Will Assist Entrepreneurs, Foster Innovation by Improving Quality, Pendency for Patent Applications

Washington, DC – Colorado U.S. Senators Michael Bennet and Mark Udall secured a key change to the America Invents Act that empowers the Director of the US Patent and Trademark Office (USPTO) to create three or more regional satellite offices across the country over the next 3 years.

The amendment would help create jobs and assist entrepreneurs, inventors and innovation by better connecting innovators to the USPTO; help the USPTO address recruitment and retention issues for patent examiners; and reduce the systemic backlog for patent applications.  It would enhance the quality and efficiency of our patent system. 

Earlier this year, Bennet and Udall sent President Obama a letter expressing their support for multiple satellite offices and calling for a new Western satellite office in Denver, which would provide a boost to industries already based in Colorado that are dependent on the patent process, as well as create patent examiner positions and other good paying jobs in Denver.  The Senators have been advocating to the USPTO for over the past year on the merits of a regional satellite office in Denver.

“More patent offices will give us the means to bring new ideas to market and unleash a new wave of innovation that creates jobs and grows our economy,” said Bennet. “We can’t expect to compete with the rest of the world if we don’t have the infrastructure necessary to support the inventors and entrepreneurs who will help create the jobs of tomorrow.”

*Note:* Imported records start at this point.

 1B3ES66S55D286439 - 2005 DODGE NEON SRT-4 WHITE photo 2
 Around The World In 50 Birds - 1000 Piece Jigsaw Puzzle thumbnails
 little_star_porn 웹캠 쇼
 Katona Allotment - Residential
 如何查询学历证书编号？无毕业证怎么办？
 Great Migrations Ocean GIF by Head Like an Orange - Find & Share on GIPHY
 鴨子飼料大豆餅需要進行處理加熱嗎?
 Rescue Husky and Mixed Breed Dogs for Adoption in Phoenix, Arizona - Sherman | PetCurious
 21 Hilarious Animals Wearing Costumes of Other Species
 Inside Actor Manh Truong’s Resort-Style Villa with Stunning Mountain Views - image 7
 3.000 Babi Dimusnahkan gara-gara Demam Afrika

“Innovation and invention have always been the driving forces of America’s economy, and that spirit will help us maintain our leadership in the global economy,” Udall said.  “But we need a smooth and effective patent system to do so.  Creating more patent offices across the country would help ensure that an application backlog isn’t holding up progress.”

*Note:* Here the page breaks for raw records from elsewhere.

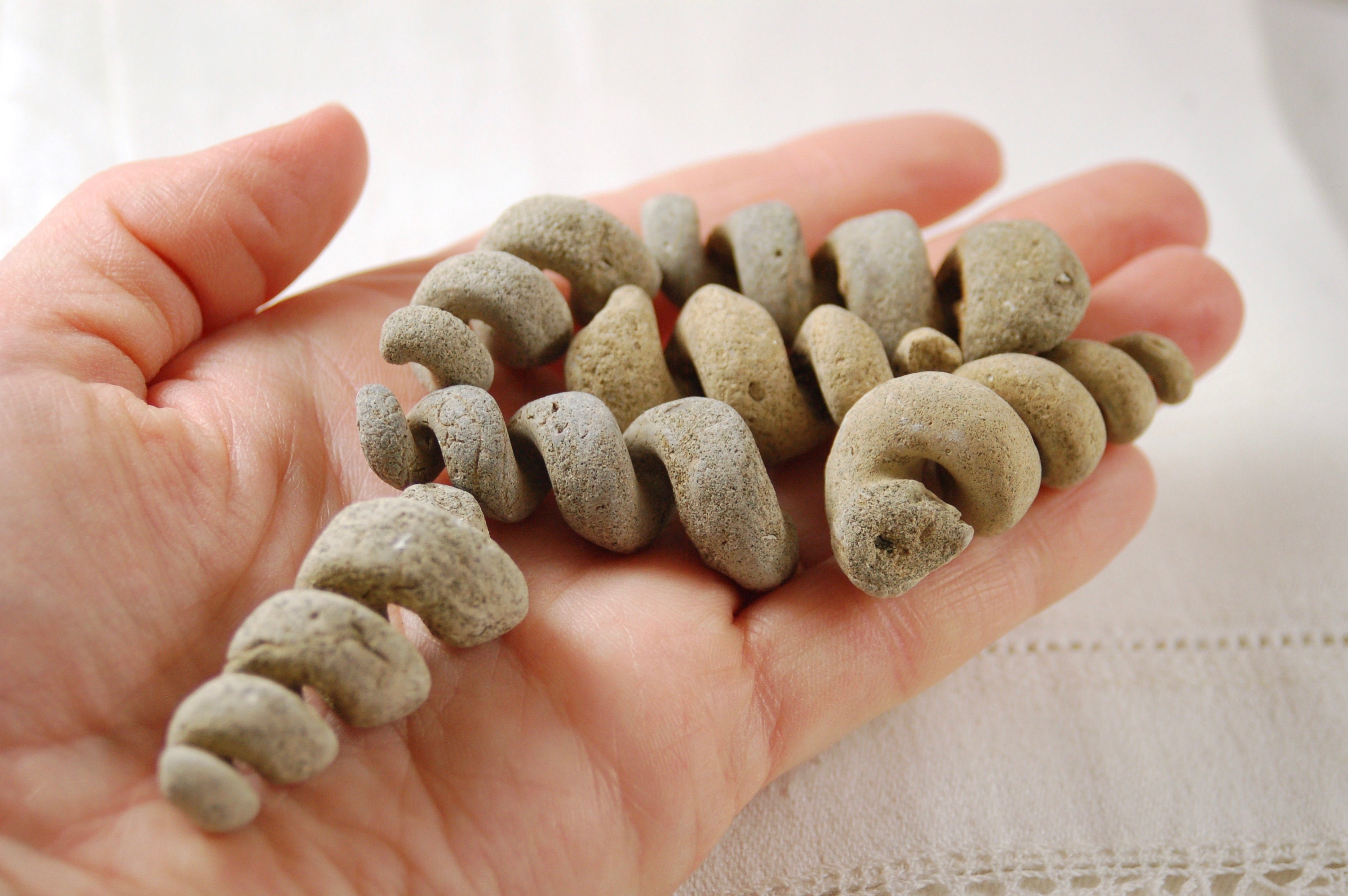 6 つの大きな Turritella 化石、螺旋状の巻貝の殻、腹足類の内部鋳型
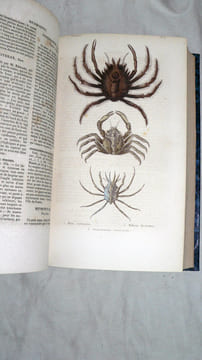 Histoire Naturelle des Crustacés, des Arachnides et des Myriapodes.. LUCAS (Hyppolite) :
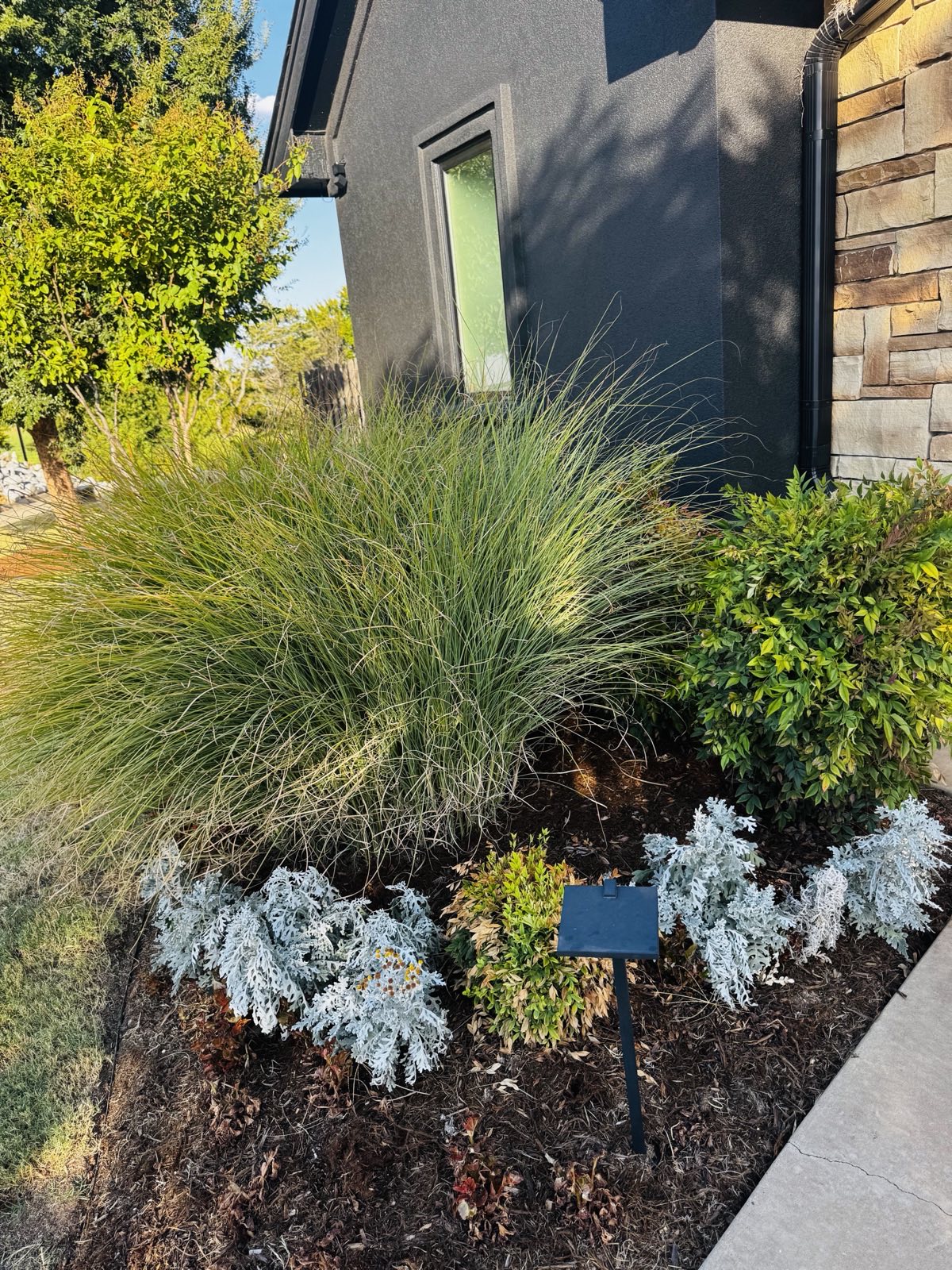 Landscape Design & Installation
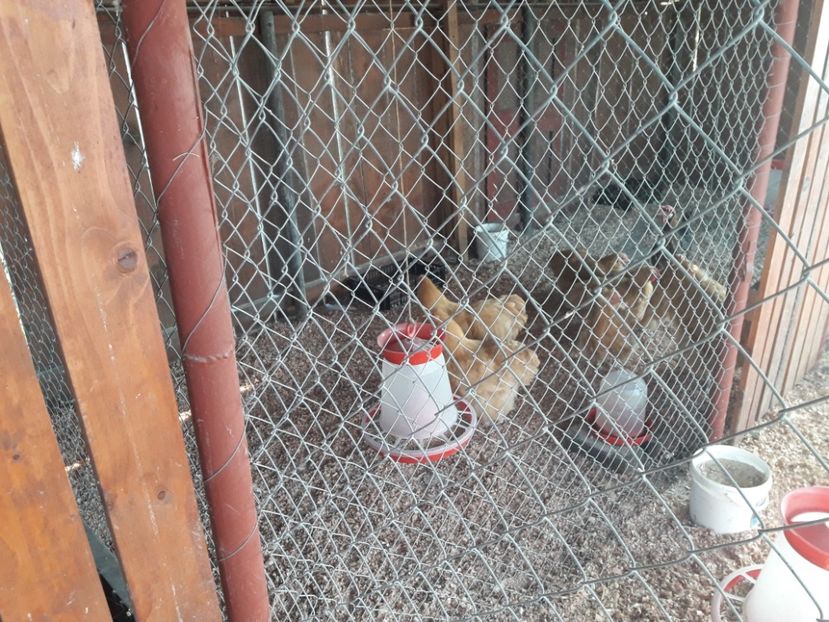 09.10.2018 - G ORPINGTON GALBEN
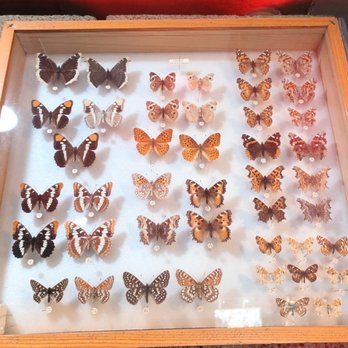 Idyllwild Nature Center - more butterflies - Hiking Near Me - Idyllwild, California Idyllwild Nature Center - more butterflies - Hiking Near Me - Idyllwild, California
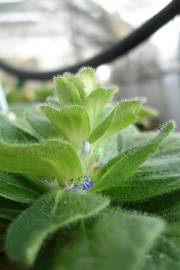 Fotografia da espécie Ajuga pyramidalis subesp. meonantha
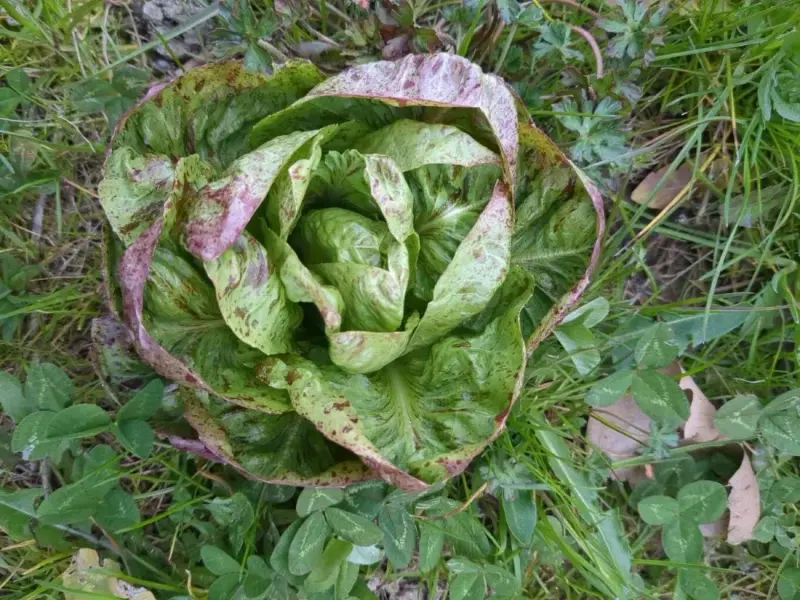 Lettuce (Lactuca sativa)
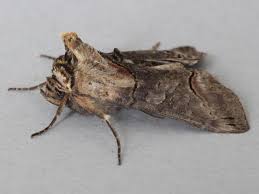 Attēlu rezultāti vaicājumam “Abrostola triplasia”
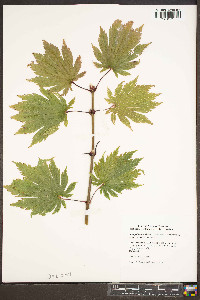 Acer palmatum image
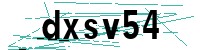 Security verification captcha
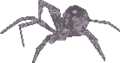 Thumbnail for version as of 00:39, 1 April 2024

Europe currently uses four patent offices as a recruitment tool and is known for its ability to attract and retain highly qualified examiners, a reality that places the U.S. economy at a competitive disadvantage.  Establishing satellite offices in locations across the country, as the Bennet-Udall amendment would do, will connect innovators and businesses across the country and enhance the USPTO’s ability to recruit new examiners to help reduce patent delays, which cost jobs.

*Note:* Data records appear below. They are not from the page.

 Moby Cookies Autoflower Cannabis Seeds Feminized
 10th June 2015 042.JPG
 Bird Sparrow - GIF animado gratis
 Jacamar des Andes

The establishment of satellite offices would help the USPTO recruit and retain workers from across the country.  Regional offices would draw local scientists, engineers and patent attorneys into the USPTO, which add real world expertise to the patent review process.  Regional satellite offices would also increase outreach activities and connection to patent filers; enhance the ability of the USPTO to recruit and retain patent examiners; and improve the quality and pendency for patent applications.  

The Bennet-Udall amendment also contains a requirement that the USPTO submit a report to Congress on the progress being made in establishing satellite offices; and whether the operation of existing satellites is achieving the goals of the program.  There is no cost to this amendment according to the Congressional Budget Office (CBO).